Uno se imagina, después de ver esas fotos de Colón con patriotas vestidos de arriba abajo de rojo y amarillo, que esa gente hasta lleva los calzoncillos a juego. Hay una ley que asegura que la cantidad de patriotismo es directamente proporcional al número y tamaño de banderas españolas y símbolos del Ejército que porta el sujeto en cuestión e inversamente proporcional a la posibilidad de que el sujeto en cuestión haya hecho la mili.

Como es lógico y natural, a los auténticos españoles se les llena la boca de España, hablan siempre en nombre de España, no paran de decir que si España esto y que si España lo otro, que si España se siente traicionada con los indultos, que si España se va a la mierda en cuanto no hay un patriota de pura cepa en la poltrona y que España estaba ahí antes de los Reyes Católicos, antes de los visigodos y antes de Atapuerca. Esta semana, por ejemplo, Casado ha nombrado a España tantas veces en público y en privado ante el peligro del independentismo, ante la ruina del gobierno de Sánchez y ante los partidos de fútbol de la Eurocopa que por poco no se le descoyunta la mandíbula de tanto pronunciar la eñe. Decía Samuel Johnson que el patriotismo es el último refugio de los canallas, pero eso era únicamente porque nació en Inglaterra: en España es el primero.

Tanto hablar de España y tanto mencionar a España no tiene vuelta de hoja: la mascarilla de un auténtico patriota exhibe la banderita impresa como un ectoplasma, una declaración de intenciones o uno de esos bocadillos del tebeo que muestran los pensamientos íntimos de un personaje. A esta gente España se les está rompiendo a cada momento, llenándose de comunistas, de secesionistas, de feministas, de homosexuales, de negros y de moros, y cada tanto tienen que darle un baño en la lavadora, un buen centrifugado y tenderla cara al sol con pinzas para la ropa. Los más españoles de todos ni siquiera guardan los billetes en territorio español, no vayan a ensuciarlo entre el vil metal y los montones de dinero negro: ellos prefieren esconderlo en paraísos fiscales, en Suiza o en Andorra.

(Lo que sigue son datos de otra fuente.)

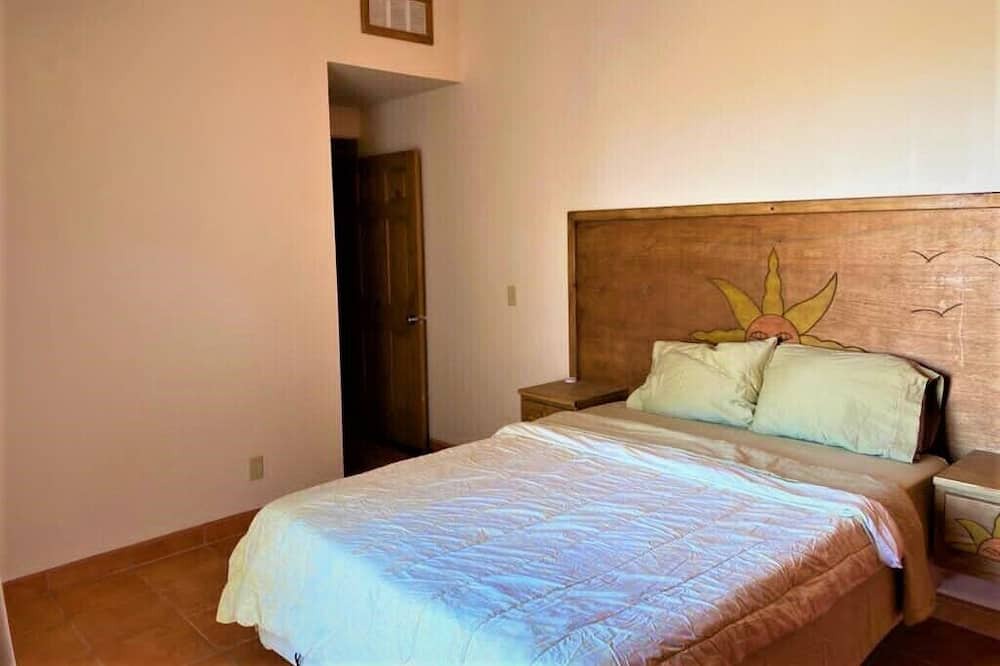 Photo of Bedroom in El Dorado Ranch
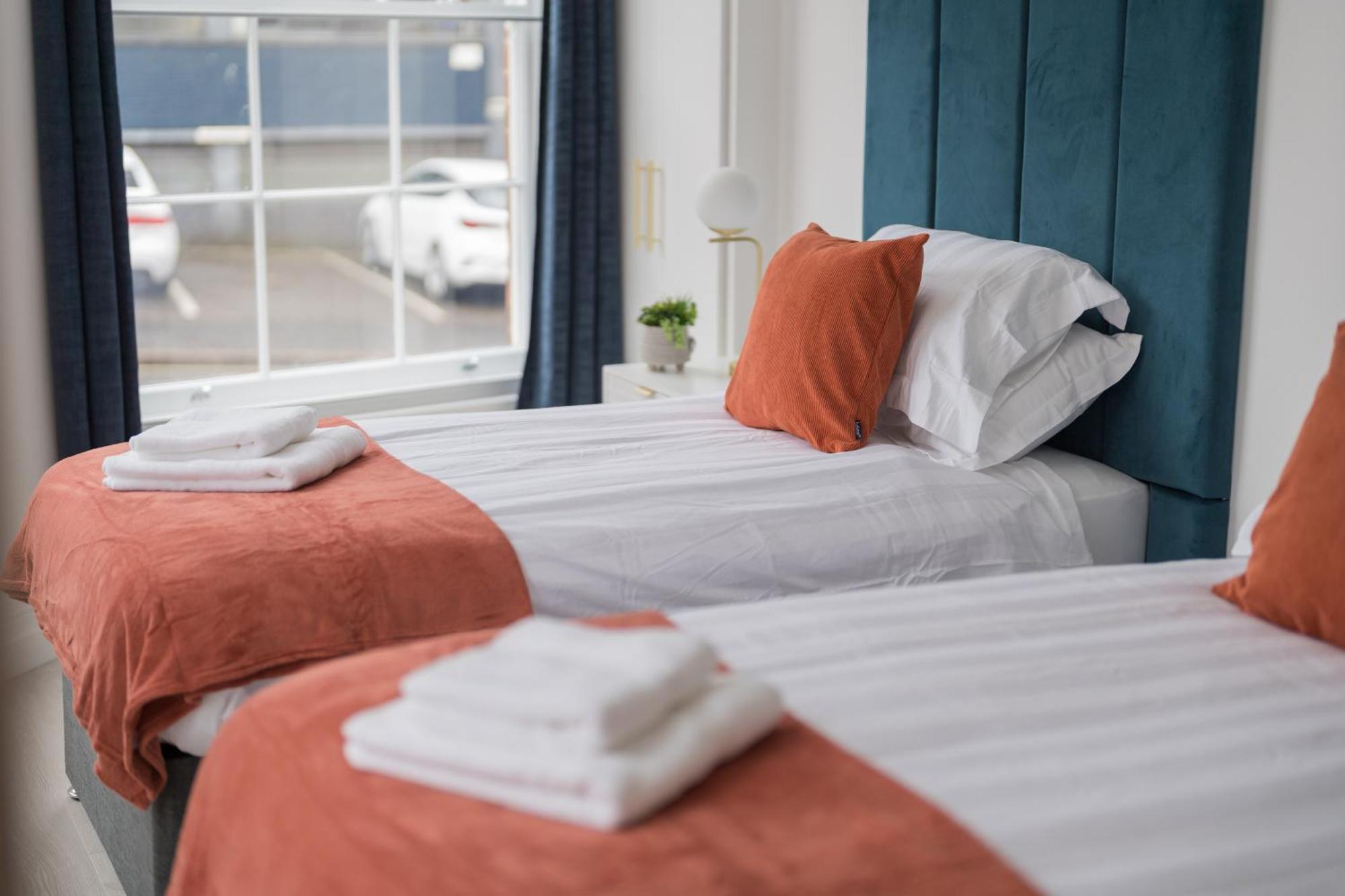 Luxurious 2 Bed Birmingham House Free Parking - Sleeps 6 Διαμέρισμα Εξωτερικό φωτογραφία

Para los poco patriotas, los que pensamos que España sería la leche si se cumplieran tres o cuatro artículos fundamentales de la Constitución en lugar de uno solo, la mascarilla sólo ha sido una incomodidad transitoria, la oportunidad de disfrazarnos de Hannibal Lecter, de ir de tuareg por las calles, de sentir por unos meses el rostro cerrado a cal y canto como las mujeres islámicas la vida entera. En cambio, a los abertzales hispánicos, los españoles de misa, paella y toros, la mascarilla les ha proporcionado el orgullo de demostrar que son aun más españoles, muy españoles y mucho españoles, como decía Mariano Rajoy, otro al que la mascarilla le sienta como a un bandolero un pañuelo.

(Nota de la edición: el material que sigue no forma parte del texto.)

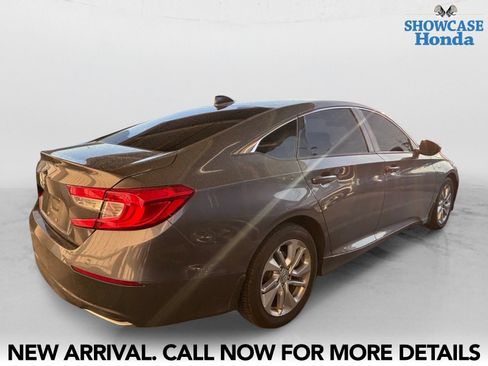 Used 2019 Honda Accord LX image 5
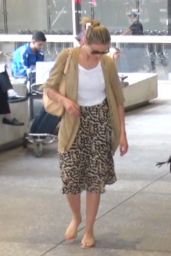 Cameron Diaz - Arrive Home in Los Angeles After Vacationing in Tahiti 6/27/2016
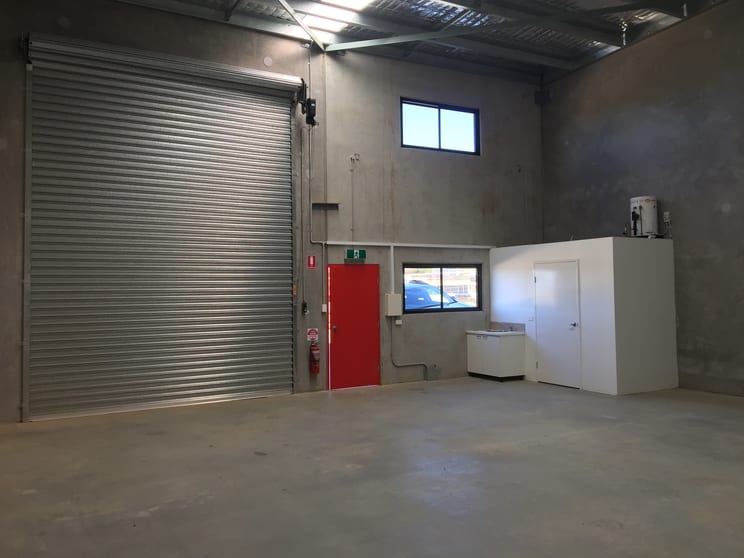 Click to view all images 14/17 Old Dairy Close Moss Vale NSW 2577 - Image 2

No obstante, hay que tener cuidado con tanta españolidad, porque uno puede acabar despotricando de la monarquía como esos ultras de Vox que, siguiendo la advertencia de Ayuso, han bautizado al rey Felipe como "Felpudo VI" por firmar los indultos. Una pena que el sábado no se les pueda ver a todos con la bandera republicana estampada en la cara.